Past CFO Commentary
The commentary in this section speaks only as of the date specified below. The company makes no commitment to update any of this information.
February 14, 2018
In our January SMART report released today, we noted a $7.2 billion outflow from a mutual fund clearing services ("clearing") client. Since we expect several additional large clearing outflows in early 2018, I wanted to share some context on the business and discuss the potential effect on our reported client asset flows (noticeable) and revenues (immaterial).
Our clearing business leverages the mutual fund processing capabilities that we make available to our individual investor and RIA clients so that banks, brokerage firms, and trust companies can offer a mutual fund lineup to their own retail and institutional clients.
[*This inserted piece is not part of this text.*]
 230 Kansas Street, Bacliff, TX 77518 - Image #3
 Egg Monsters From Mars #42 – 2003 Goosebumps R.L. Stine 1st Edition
We provide settlement, custody, recordkeeping, and trading services for $265.4 billion in clearing assets under management, as of December 2017, generating revenue per asset dollar ("ROCA") in the low single-digit basis point range. Since 1997, our scale has allowed us to create a valued clearing offering that is low-cost to our clients and profitable for Schwab.
Typically, when clearing clients come onto or leave Schwab's platform, they are moving an existing "supermarket" of mutual funds representing a sizeable amount of their clients' assets, so their flows can be somewhat "chunky." To provide some clarity into this, each month, we footnote reported net new assets for any single flow from a clearing client of $5 billion or more; we also calculate our core net new assets ("core NNA") to exclude flows of at least $10 billion from any one clearing client (which can occur all at once or over a period of time). Core NNA also omits any extraordinary flows from clients in other businesses, as well as assets gained or lost through M&A activity. Our purpose in sharing both total and core NNA is to help you understand the key drivers of growth in our overall client asset base, as well as develop a feel for the underlying "run rate" of our ongoing asset gathering efforts.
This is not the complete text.